Owners of the building that housed the former ASU “Project Space” Art Museum are breathing new life into the site with the downtown Phoenix Lacuna Kava Bar, which will open on April 5.
With its roots in Arizona, Lacuna Kava Bar offers kava and CBD beverages as well as an assortment of foods.
Kava, also known as the “intoxicating pepper,” is a plant-based, psychoactive national drink of Fiji and has been used in Pacific Island cultures throughout history for its relaxing and meditative effects.
Lacuna Kava Bar is among the only of its kind in Arizona, and owner, Chase Brendle, said that he hopes to bring a social aspect to a drink that is foreign to the state.
“Part of what kava is, it’s a culture and connection of people in a healthy way,” Brendle said. “Here, we use it as a social beverage to connect with other people.”
Lacuna Kava Bar offers drinks from $6 to $14 and caters to customers who are above the age of 18. Costs vary between sizes and flavors.

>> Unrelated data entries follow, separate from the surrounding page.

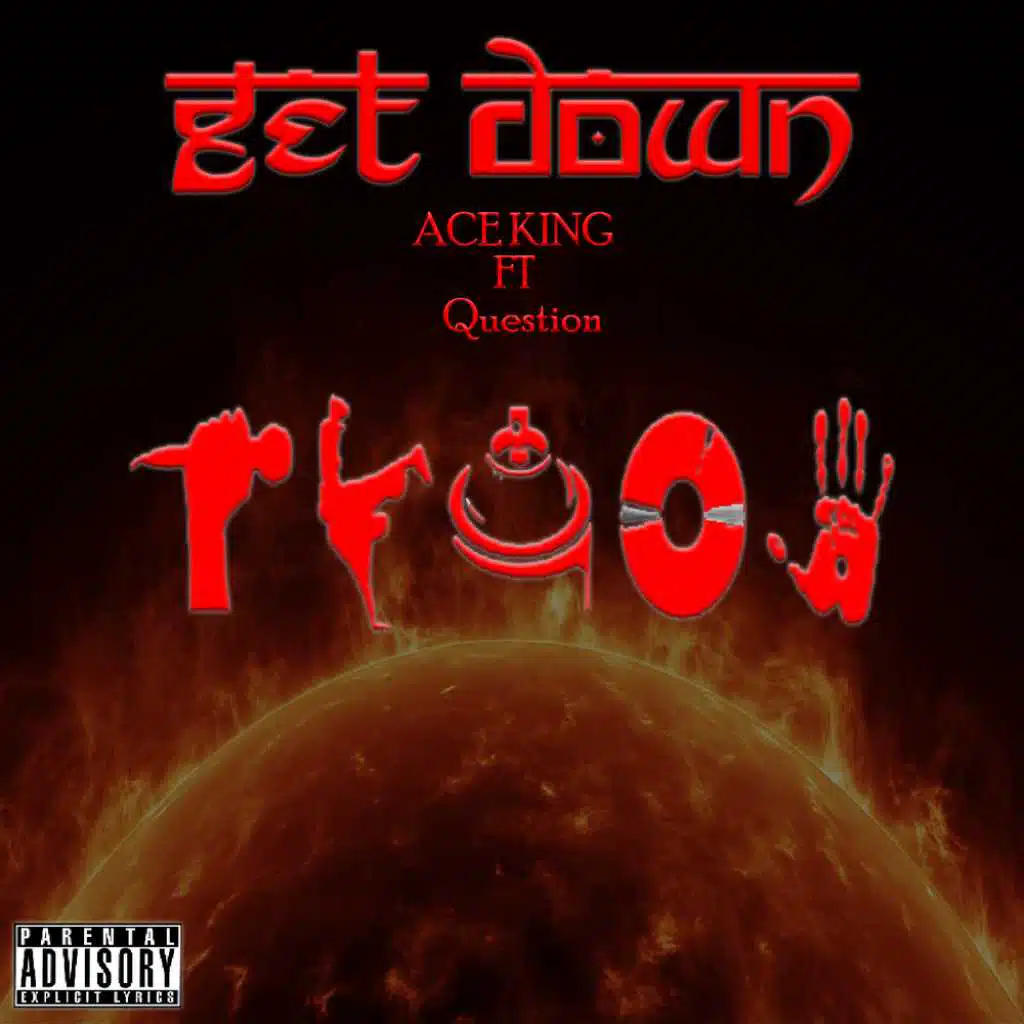 Get Down (feat. Question)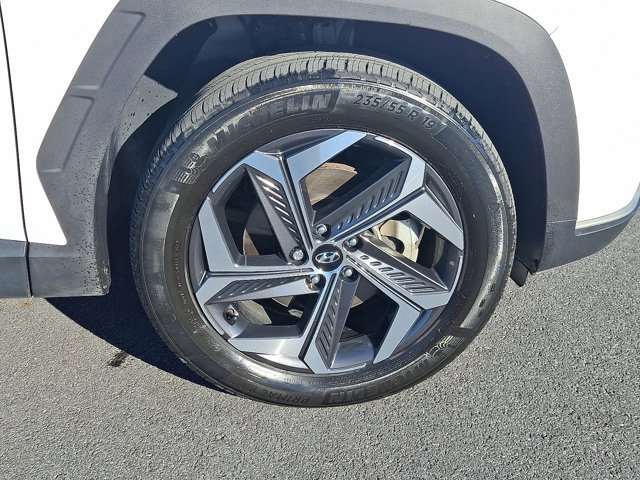 Used 2023 Hyundai Tucson SEL image 8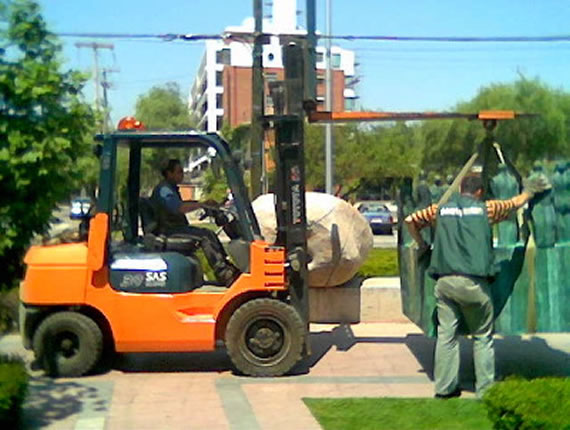 transportes Juan vera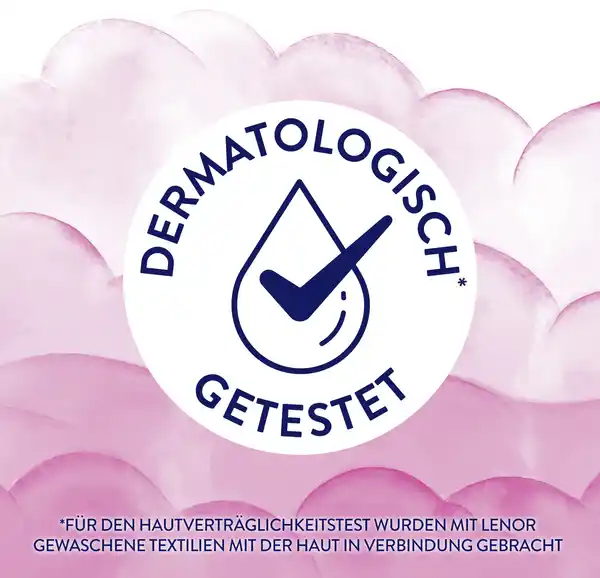 Bild 4 von Lenor Wäscheparfüm Light Jasminblüte, 155 g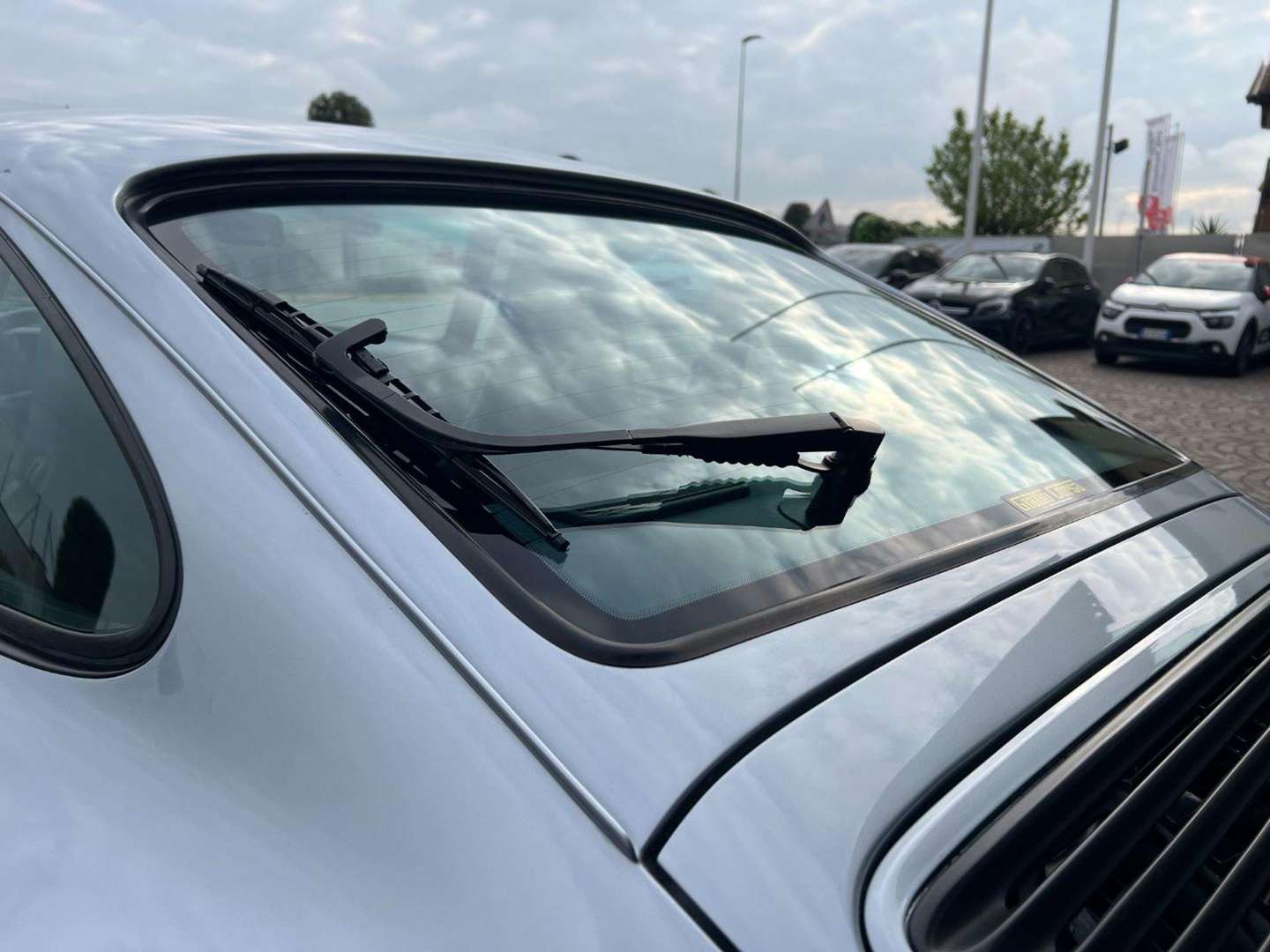 Porsche 930 Carrera 4 Coupé - 1994 - Joinsteer - #18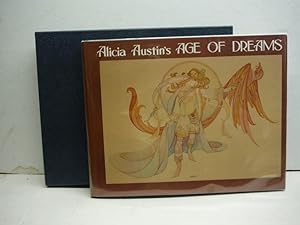 Immagine del venditore per Alicia Austin's Age of dreams venduto da Imperial Books and Collectibles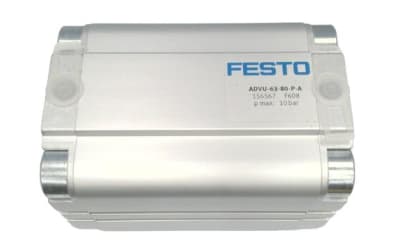 FESTO ADVU-63-80-P-A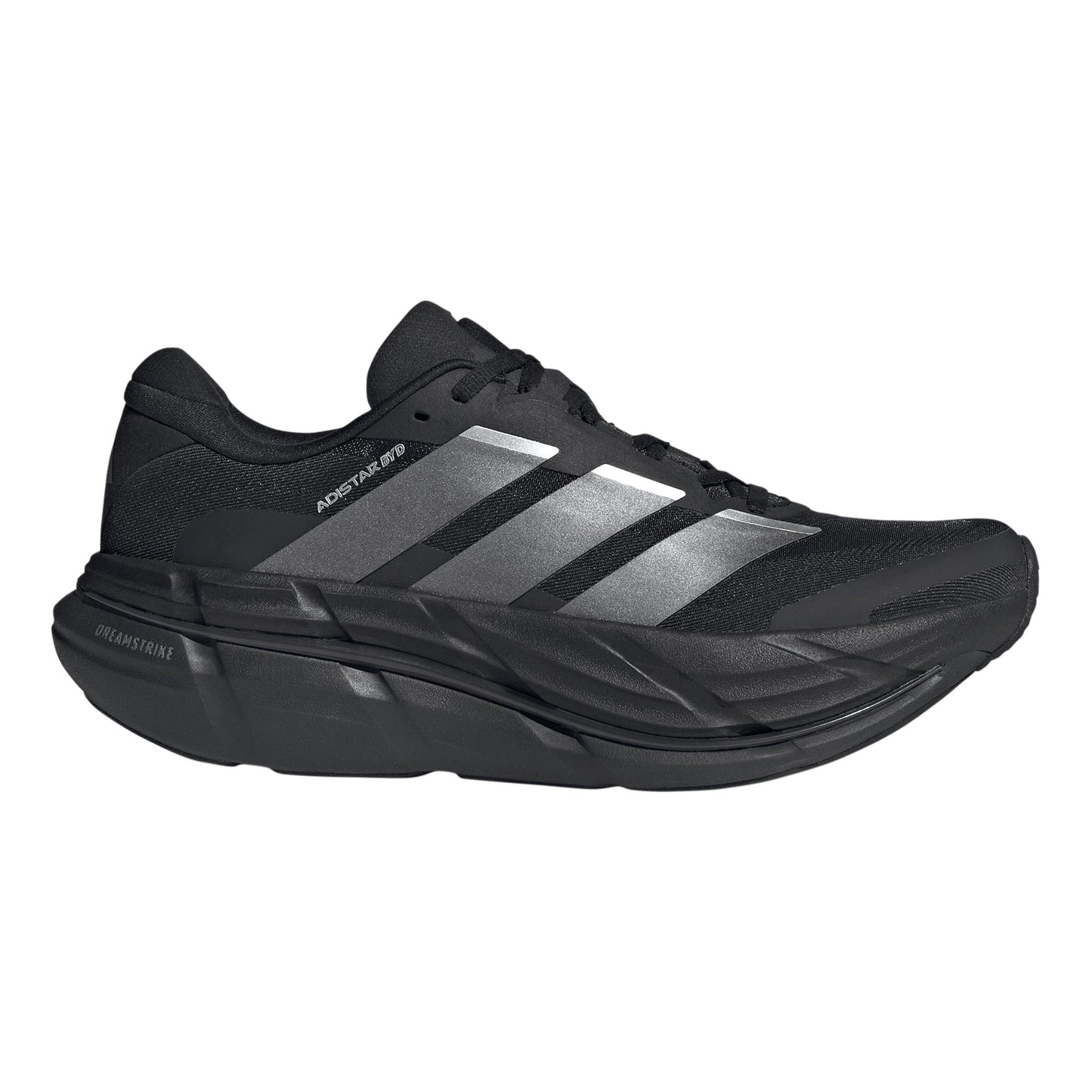 adidas Adistar BYD 2 Støttesko Herrer - sort, grå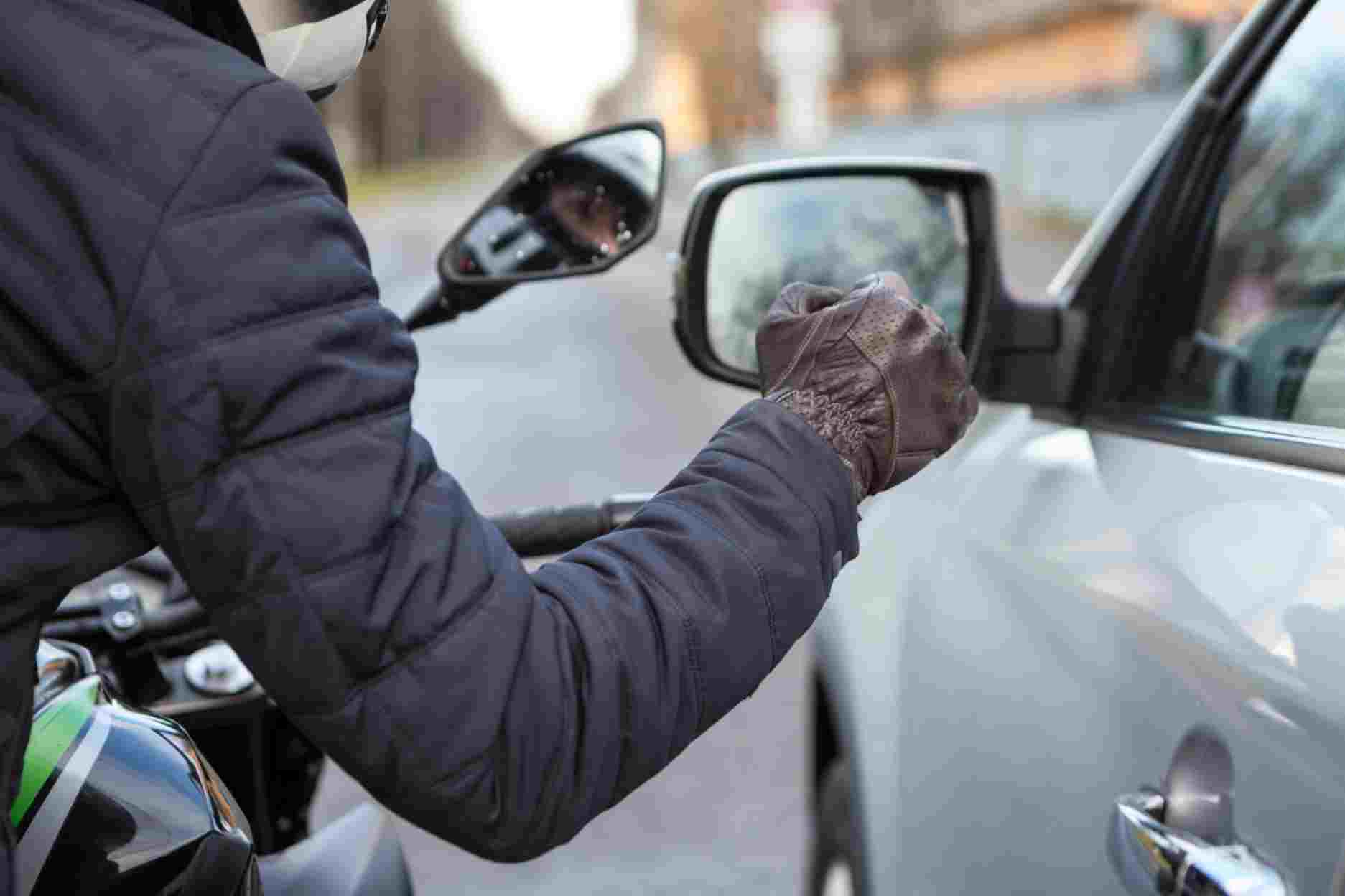 Bike And Car Training In Brampton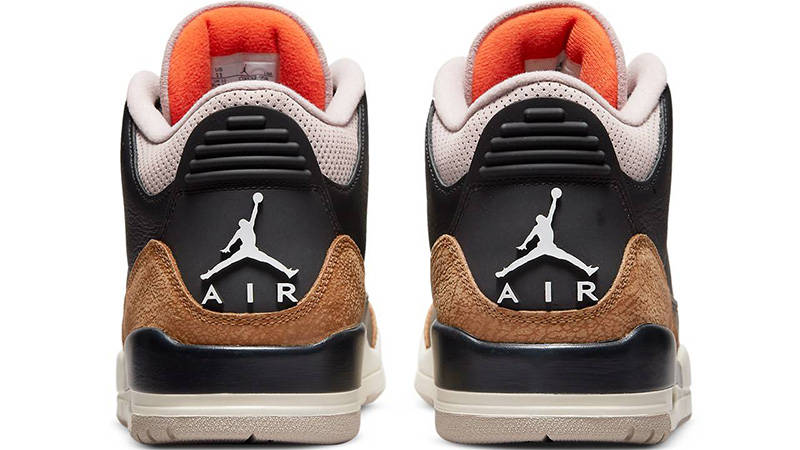 Air Jordan 3 Desert Elephant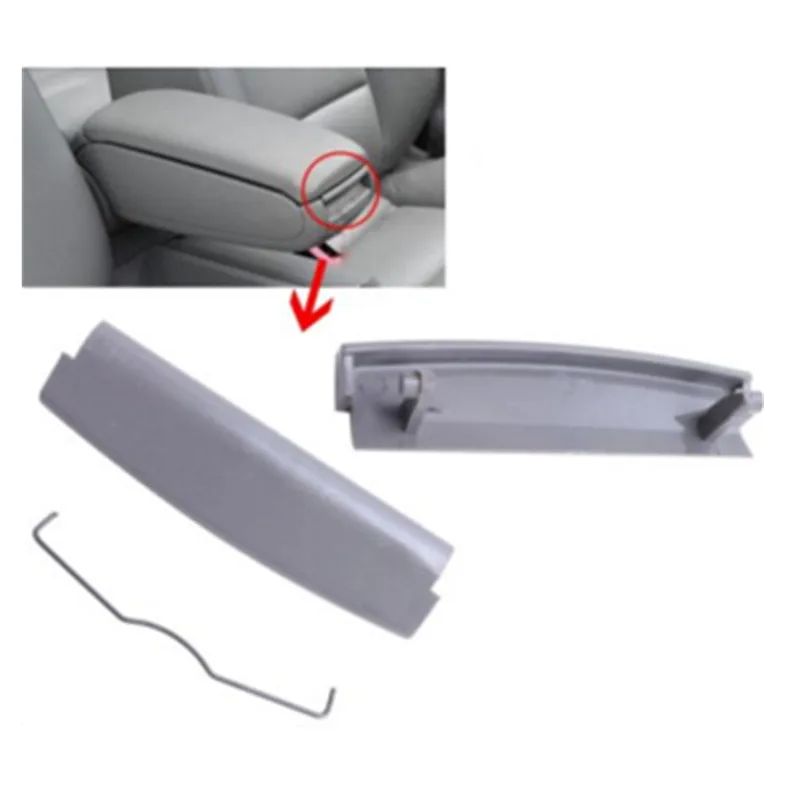 1 pcs Car Console Center Armrest Lid Latch Clip Black Fit For Audi A6 C5 1998-2005 4B0864245AG
1 pcs Car Console Center Armrest Lid Latch Clip Black Fit For Audi A6 C5 1998-2005 4B0864245AG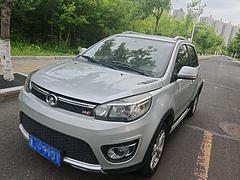 长城M4 2015款 1.5 手自一体 豪华型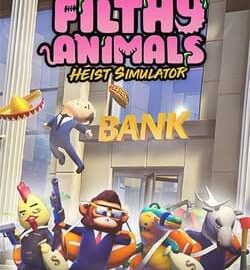 Download Filthy Animals | Heist Simulator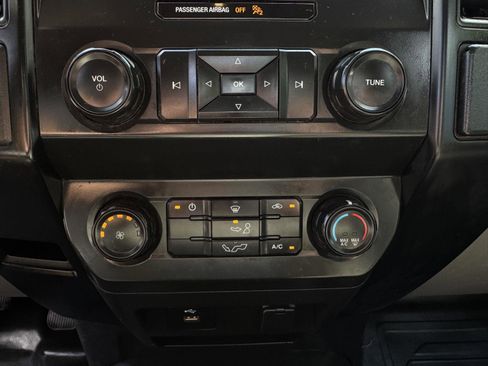 Used 2019 Ford F150 XL w/ Equipment Group 101A Mid RWD image 15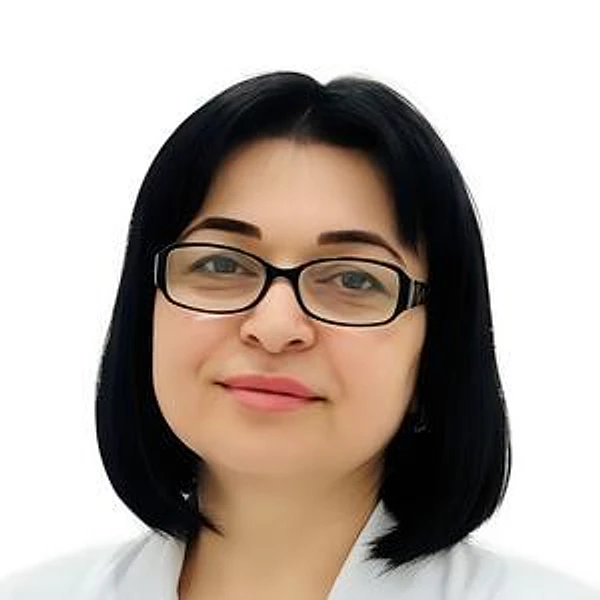 Сланова Хатуна Аслановна — Гинеколог-эндокринолог, Владикавказ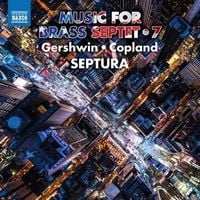 Produktbild: Septura: Musik f&uuml;r Blechbl&auml;serseptett Vol.7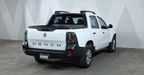 Renault Oroch 1.6 ZEN Pickup 2024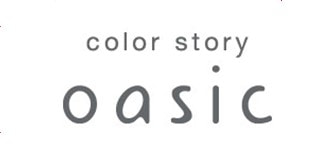 color story oasic（カラーストーリー オアシック）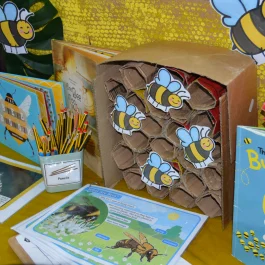 Kiddy Care Nursery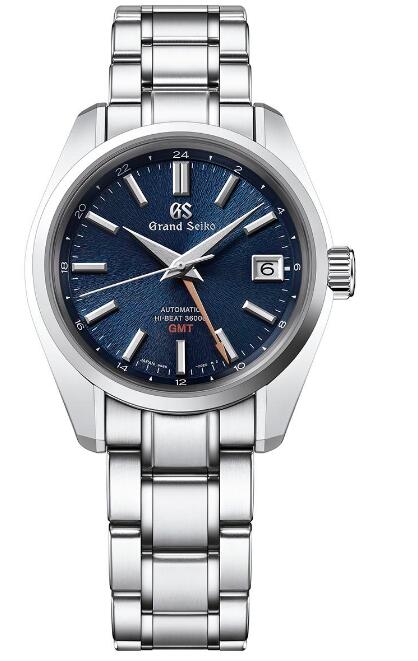 Grand Seiko Heritage Collection Ever-Brilliant Replica Watch SBGJ267 Grand Seiko Heritage Collection Ever-Brilliant Replica Watch SBGJ267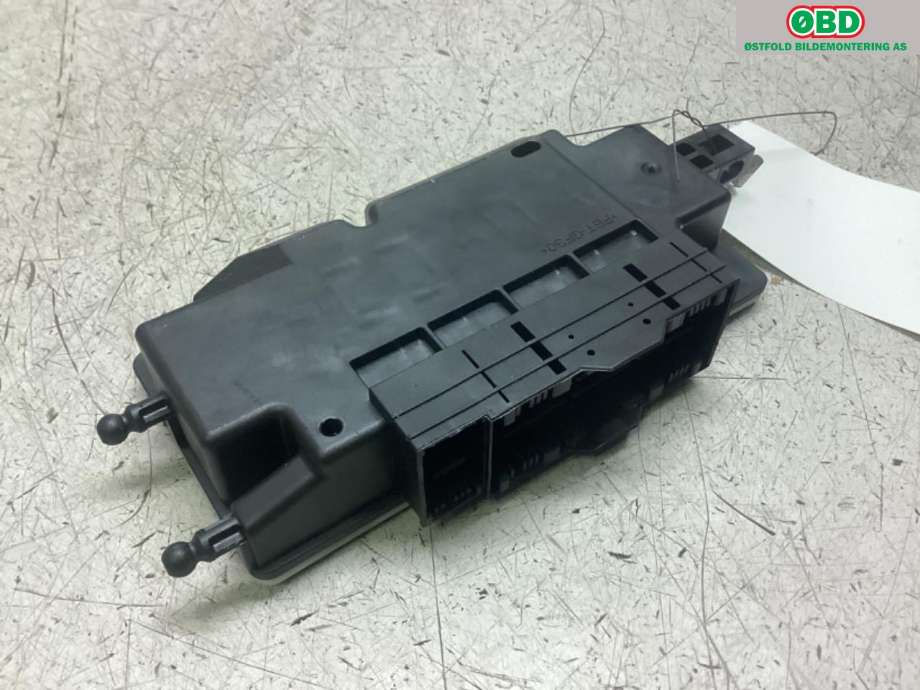 Airbag elektronikk til BMW X5, 2013-2018 (F15) (F15) (BMW|65 77 7 911 607)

Kava tea is derived from the root of the kava plant and was once only a drink for those of high status. It has been ingrained in Pacific Island culture for over 3,000 years. Traditionally served in a coconut shell, kava became a popular drink at social events and has gained popularity in Western culture through kava bars.
Numbness in the mouth and tongue is not uncommon when drinking kava, and according to Brendle, the drink is self-limiting.
“Mother nature is brilliant and has put in some excellent checks and balances for us,” he said. “If you drink too much, you might get tired and lose the social, talkative aspect of it.”
Brendle said that as the only kava bar in Arizona, he looks forward to bringing a new experience and culture to the Phoenix community. Paying homage to the building’s history, Lacuna Kava Bar will host art nights on first Fridays.
“It was an art gallery to begin with, it always has been — the mural is still on the wall from the original owner of the building,” Brendle said.
Brendle said that he has had experiences involving kava and art that would have been less impactful had he been drinking alcohol instead.
“It’s really cool to have something that each month is renewed and changed," he said. "It speaks to the context of what a kava bar is. It’s about growth, change, bringing new thought. Why not incorporate that on the walls as well?”
He said that by utilizing kava and art in the same space, it encourages a “higher level of conversation and connection.”
Shannon Ludington, an ASU alum who had art displayed at the ASU “Project Space” Art Museum when it was still active, said that the incorporation of the building’s history with its current use provides artists with another well-appreciated venue for artists to display their work.
“A lot of coffee and tea shops pair really nicely with art exhibits, especially because they’re such welcoming spaces,” Ludington said.
Located on third street, Lacuna Kava Bar’s location may be an advantage for the new business.
David Pijawka, a professor in the school of Geographical Science and Urban Planning, said that the ever-changing scene of Roosevelt Row can offer a wide range of visitors.
“Something that plays a big role in the success of a business is the age level of people in the area, demand for the product, and the location,” Pijawka said. “The demand for businesses down there is growing, and there’s a lot of activity in that area.”
Brendle said he hopes kava will provide people with a health conscious and enlightening experience.
"People historically have used it in a more spiritual way, I want to bring a more social element to that as well," he said.